Embora seja razoável pensar que todos os espíritos amantes do esclarecimento e os filósofos, principalmente, levem em séria consideração o caráter fundamental do conhecimento comum como seguro alicerce do conhecimento especializado, a história tem nos mostrado que o apreço por tal coisa nem sempre tem ocorrido. Ao contrário, ele tem convivido com contrariedades e tendo que enfrentar a negligência e até mesmo o profundo desprezo pelo mesmo.

 

Desde os filósofos pré-socráticos, porém mais acentuadamente a partir dos sofistas pode-se detectar um movimento generalizado que se caracteriza como tentativa de destruição do conhecimento do senso comum.

 

Como sabemos o movimento sofístico era abertamente contra qualquer critério de verdade, contra o conceito de proposição autoevidente e a favor de um relativismo não só ético como espistemológico. Diante desta devastação do conhecimento universal e objetivo, cabe indagar que alternativa restava.

 

Não podendo comunicar nenhuma verdade portadora de convencimento universal, tudo que se podia fazer era apelar para a persuasão capaz de produzir motivação e aquiescência de um interlocutor, ou seja: foram postas de lado a lógica e o conhecimento e conferida toda importância à retórica e ao encantamento produzido pela linguagem.

 

É preciso acrescentar que tanto a persuasão como o convencimento se identificam quanto à finalidade a ser alcançada, que é a adesão de um interlocutor a uma tese apresentada, mas diferem radicalmente quanto aos meios empregados com vistas à finalidade almejada.

 

 Se o convencimento, atento tanto quanto aos meios como aos fins, procura obter o assentimento por meio de razões – quem é convincente é no fundo a razão inerente à tese, não o portador da mesma – a persuasão, subjugando os meios aos fins, procura obter a aquiescência por meio de motivos, que são sempre apelos de caráter afetivo unicamente voltados para produzir eficácia na inoculação de crenças na mente do interlocutor.

 

Que importava para os sofistas se a finalidade buscada era alcançada por meio de fortes emoções, de argumentos falaciosos ou de quaisquer outros expedientes escusos? “Se o gato pega o rato, que importa a cor do gato”, já dizia o camarada Deng-Chiao-Ping, mas num outro contexto bastante distinto desse dos sofistas, em que a supracitada asserção passa a ser verdadeira.

 

Na realidade, tudo o que eles exigiam de um discurso era a eficácia discursiva e se ele se mostrava eficaz na persuasão de um interlocutor, não tinha a menor importância quaisquer coisas relativas à qualidade discursiva, tais como a coerência, a veracidade, a relevância, a moralidade, etc.

 

Está claramente implícito no pensamento dos sofistas o pressuposto igualmente implícito no pensamento de Maquiavel: Os objetivos justificam os meios.
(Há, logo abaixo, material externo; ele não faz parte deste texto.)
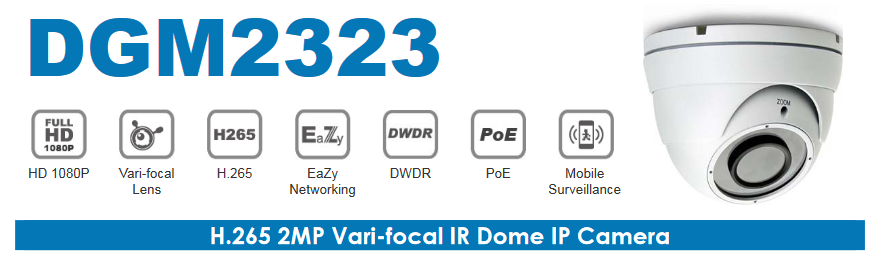 AVTECH 2MP VARI-FOCAL IR DOME IP 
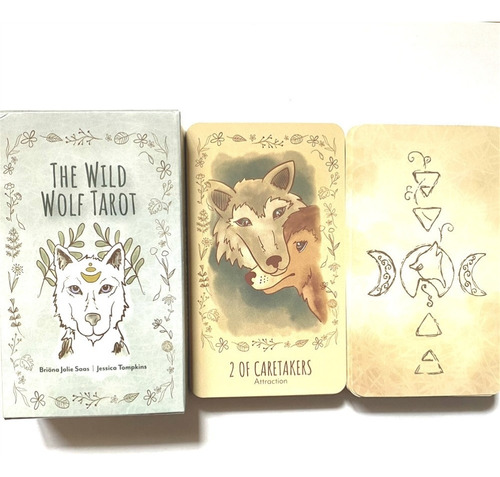 Juego De Mesa Wolf Tarot Cards Deck Fate Divination Holograp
Pensamos que concordar com tal recomendação metodológica consiste em decretar a morte da Ética (como procurei mostrar em meu livro inédito As Formas da Mentira). 

 

Ainda que se considere estar em jogo uma finalidade boa, louvável, produtora de um bem para poucos ou muitos, é inadmissível que ele seja obtida por meios escusos, portadores de males em si mesmos, independentemente dos fins visados.

 

 

* Mário Antônio de Lacerda Guerreiro, Doutor em Filosofia pela UFRJ. Professor Adjunto IV do Depto. de Filosofia da UFRJ. Ex-Pesquisador do CNPq. Ex-Membro do ILTC [Instituto de Lógica, Filosofia e Teoria da Ciência], da SBEC [Sociedade Brasileira de Estudos Clássicos]. Membro Fundador da Sociedade Brasileira de Análise Filosófica. Autor de Problemas de Filosofia da Linguagem (EDUFF, Niterói, 1985); O Dizível e O Indizível (Papirus, Campinas, 1989); Ética Mínima Para Homens Práticos (Instituto Liberal, Rio de Janeiro, 1995). O Problema da Ficção na Filosofia Analítica (Editora UEL, Londrina, 1999). Ceticismo ou Senso Comum? (EDIPUCRS, Porto Alegre, 1999). Deus Existe? Uma Investigação Filosófica. (Editora UEL, Londrina, 2000) . Liberdade ou Igualdade? ( EDIPUCRS, Porto Alegre, 2002). Co-autor de Significado, Verdade e Ação (EDUF, Niterói, 1985); Paradigmas Filosóficos da Atualidade (Papirus, Campinas, 1989); O Século XX: O Nascimento da Ciência Contemporânea (Ed. CLE-UNICAMP, 1994); Saber, Verdade e Impasse (Nau, Rio de Janeiro, 1995; A Filosofia Analítica no Brasil (Papirus, 1995); Pré-Socráticos: A Invenção da Filosofia (Papirus, 2000) Já apresentou 71 comunicações em encontros acadêmicos e publicou 46 artigos. Atualmente tem escrito regularmente artigos para www.parlata.com.br,www.rplib.com.br , www.avozdocidadao.com.br e para www.cieep.org.br , do qual é membro do conselho editorial.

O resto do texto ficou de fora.